[Data excerpts]
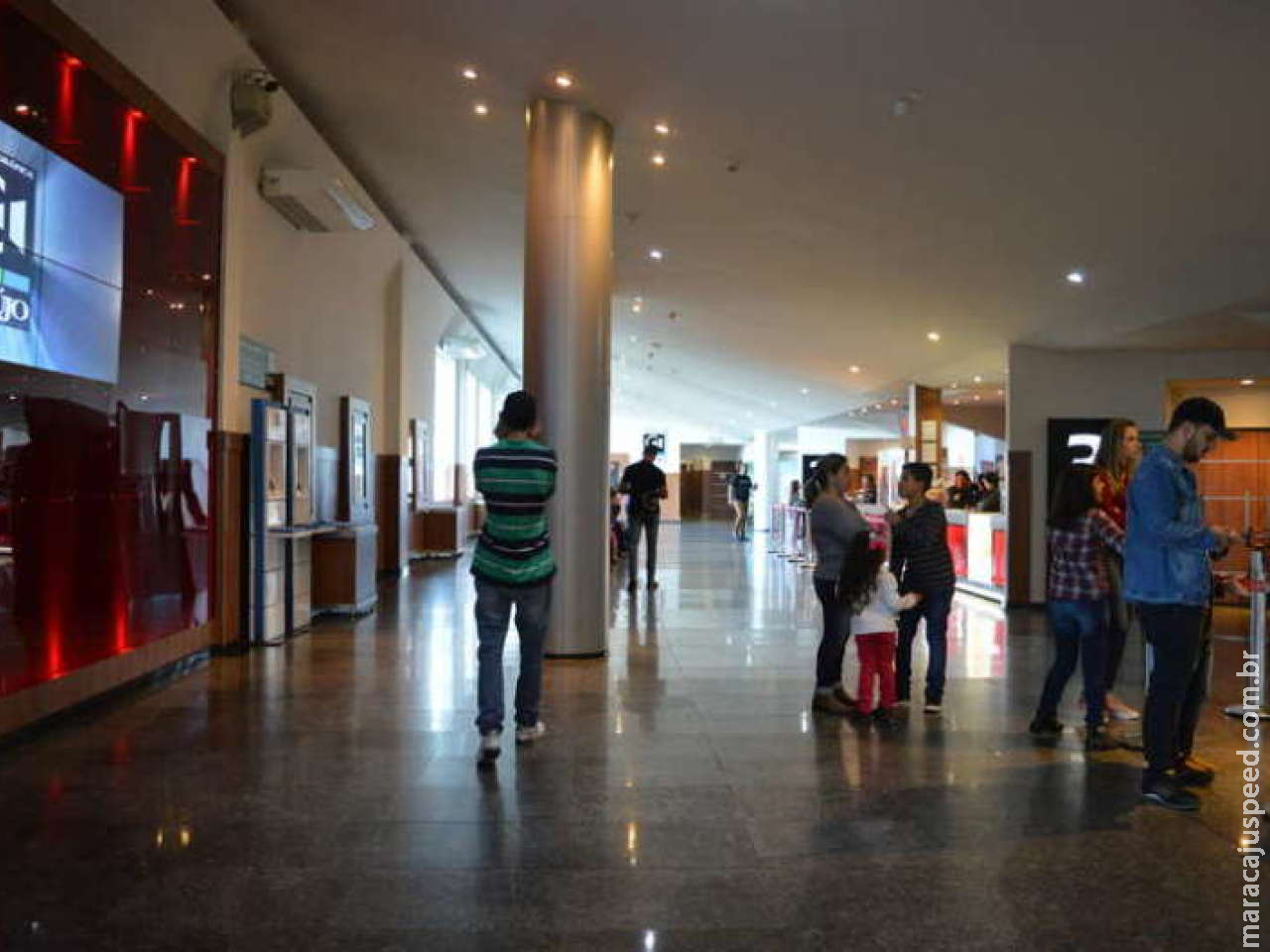 Novo decreto mantém toque de recolher às 21h e autoriza abertura de cinema em Dourados Novo decreto mantém toque de recolher às 21h e autoriza abertura de cinema em Dourados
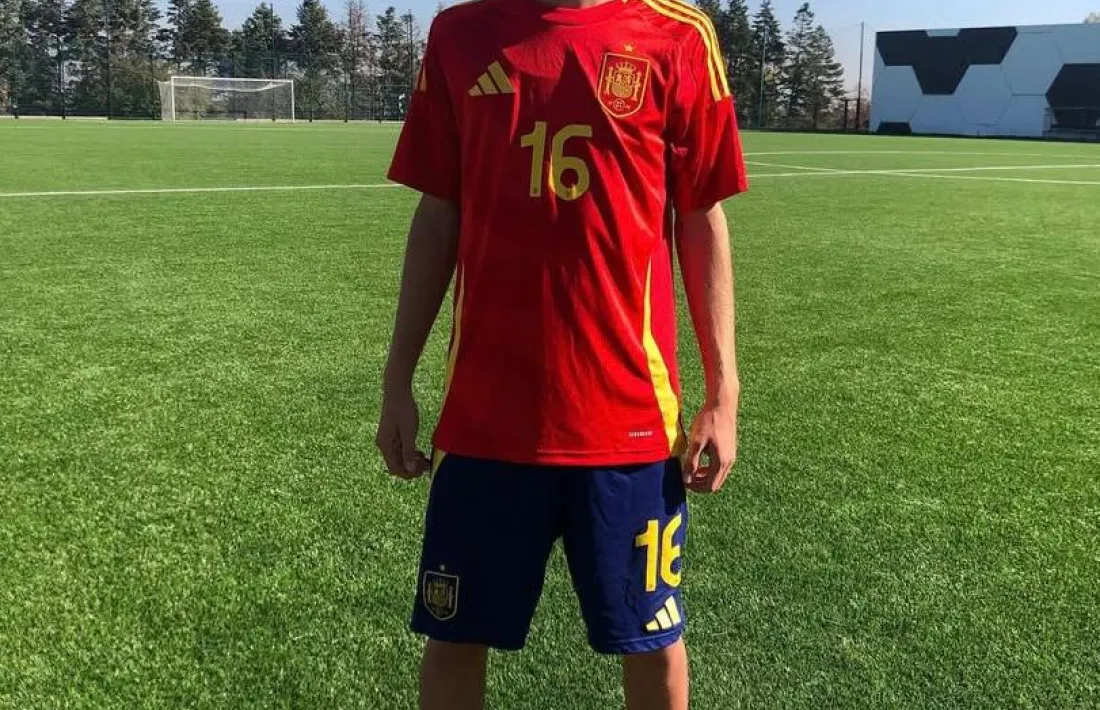 Julen Sánchez, amb Espanya.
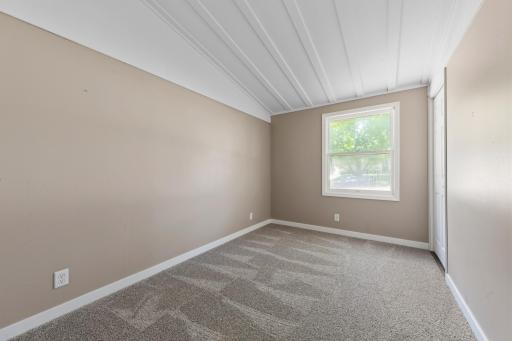 18 bedroom 1.jpg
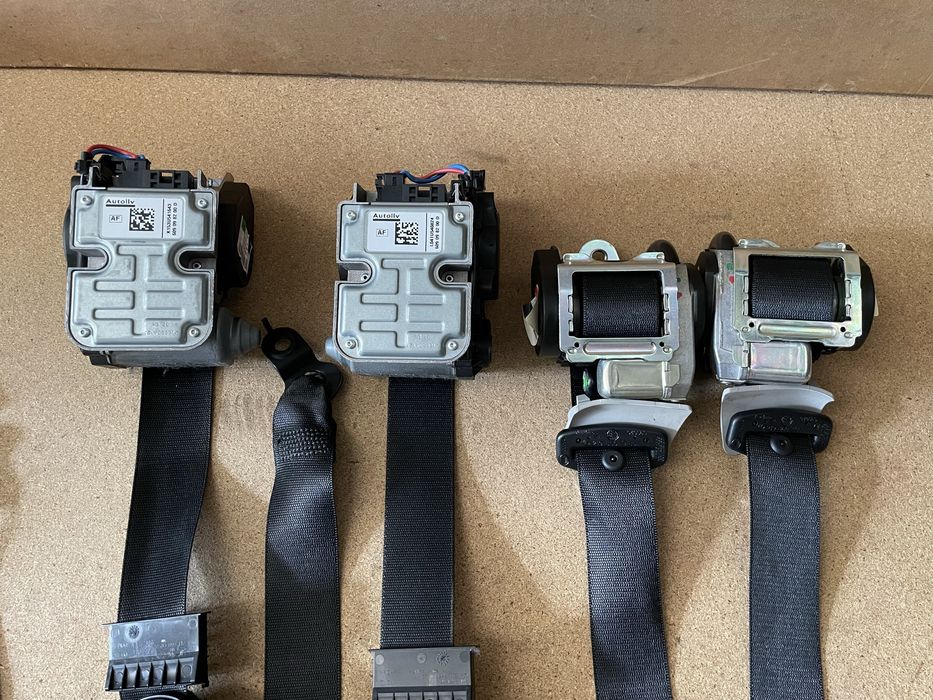 Pas pasy bezpieczenstwa przod tyl prawy lewy Meredes Cls w219 Lift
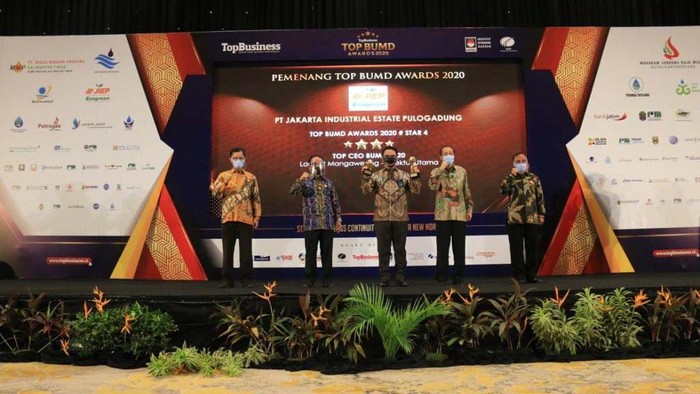 PT Jakarta Industrial Estate Pulogadung (JIEP) meraih 2 penghargaan di TOP BUMD Awards 2020. JIEP meraih Sektor Aneka Usaha - Bintang 4 dan TOP CEO BUMD 2020.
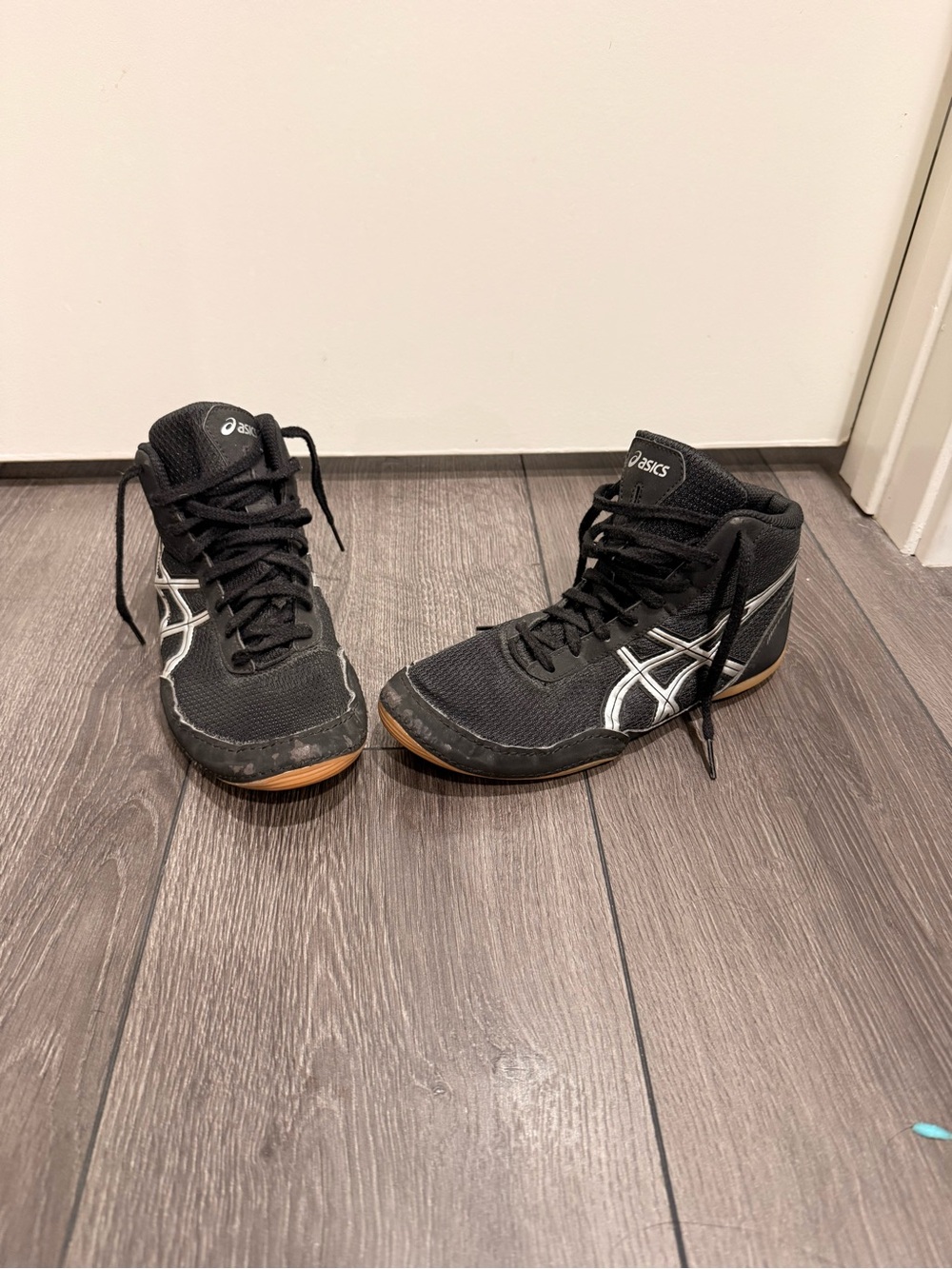 ASICS boys Matflex Black High-Top Wrestling/Training Shoes size 4 and 5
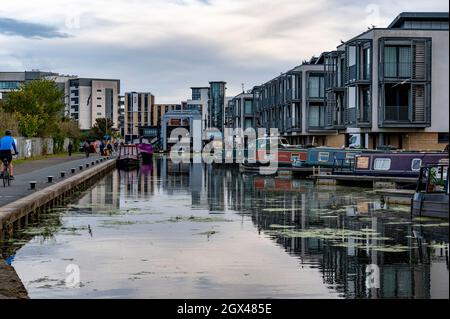 Edinburgh e Glasgow Union Canal, vicino alla fine di Edimburgo, Scozia Foto Stock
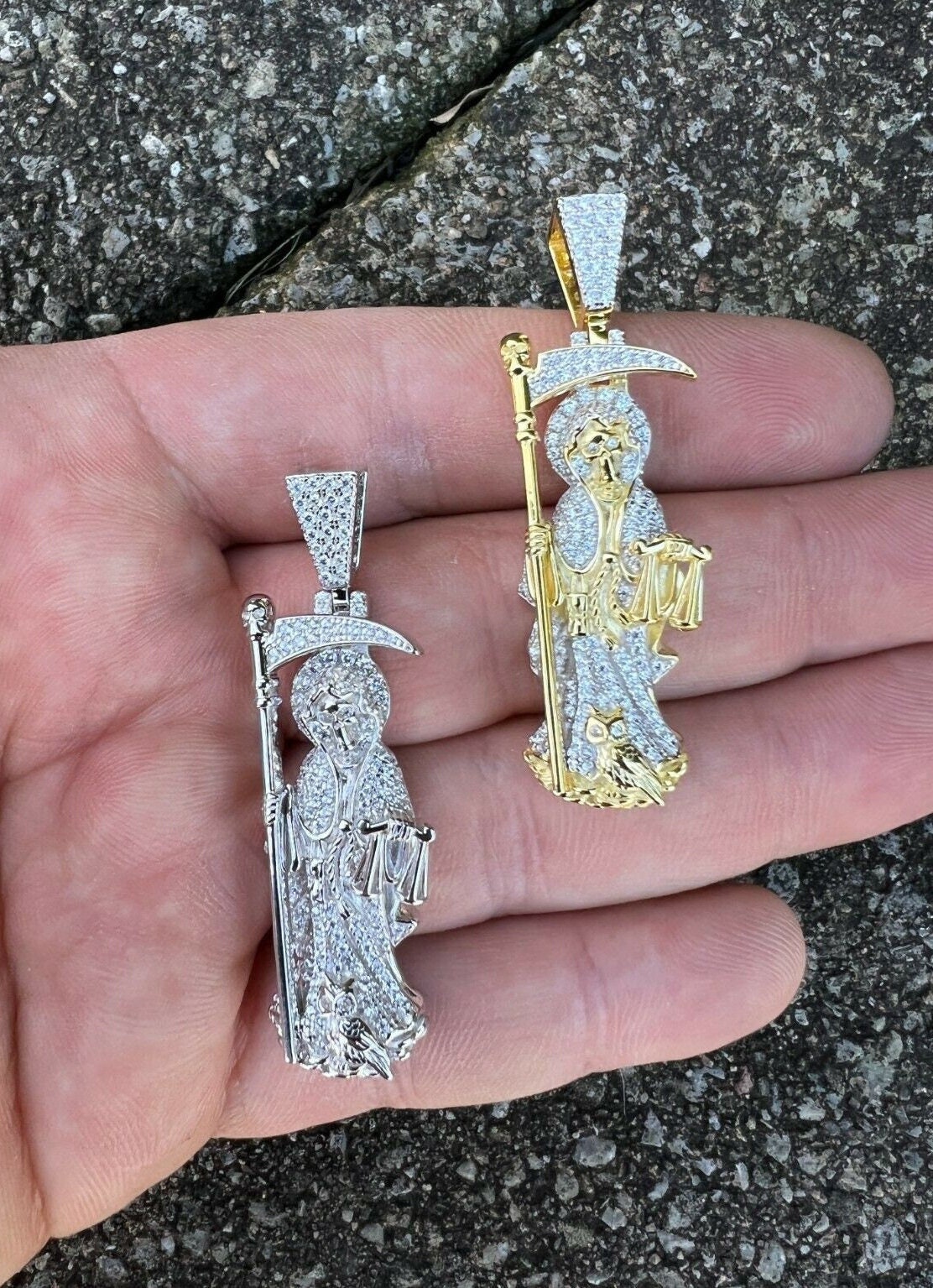 Herren Damen Sensenmann Santa Muerte Iced Out Diamant Anhänger Massiv 925 Sterling Silber in 14 K Gold Oder Rhodium Finish ....p889 von ZoeysJewelryBoxLLC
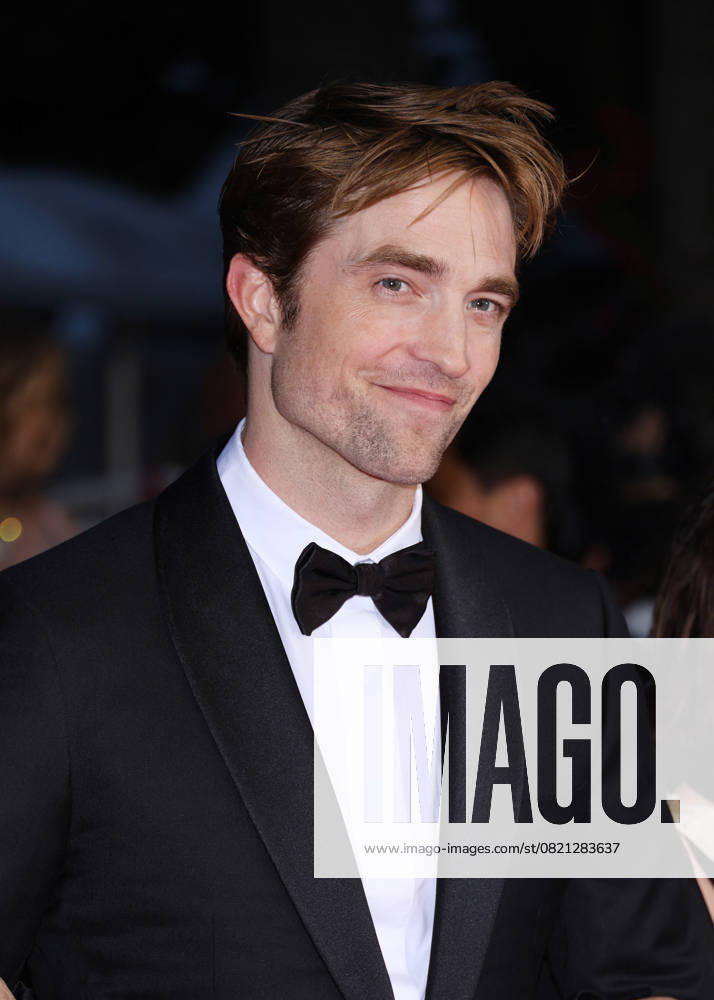 78ème Festival International du Film de Cannes Robert Pattinson Montée des marches du film Die my love lors du 78ème Festival International du Film de Cannes, au Palais des Festivals à Cannes Le 17mai 2025 Photo Bestimage Red carpet for the movie Die my love during the 78th Cannes International Film Festival at the Palais des Festivals in Cannes, France On may 17th 2025 Cannes France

WHAT YOU ARE ASKED TO DO:
Omit all pictures and write out, exactly, only the lines from the line containing "Edinburgh e Glasgow" through the last line of the entries above.

EXERCISE OUTPUT:
 Edinburgh e Glasgow Union Canal, vicino alla fine di Edimburgo, Scozia Foto Stock
 Herren Damen Sensenmann Santa Muerte Iced Out Diamant Anhänger Massiv 925 Sterling Silber in 14 K Gold Oder Rhodium Finish ....p889 von ZoeysJewelryBoxLLC
 78ème Festival International du Film de Cannes Robert Pattinson Montée des marches du film Die my love lors du 78ème Festival International du Film de Cannes, au Palais des Festivals à Cannes Le 17mai 2025 Photo Bestimage Red carpet for the movie Die my love during the 78th Cannes International Film Festival at the Palais des Festivals in Cannes, France On may 17th 2025 Cannes France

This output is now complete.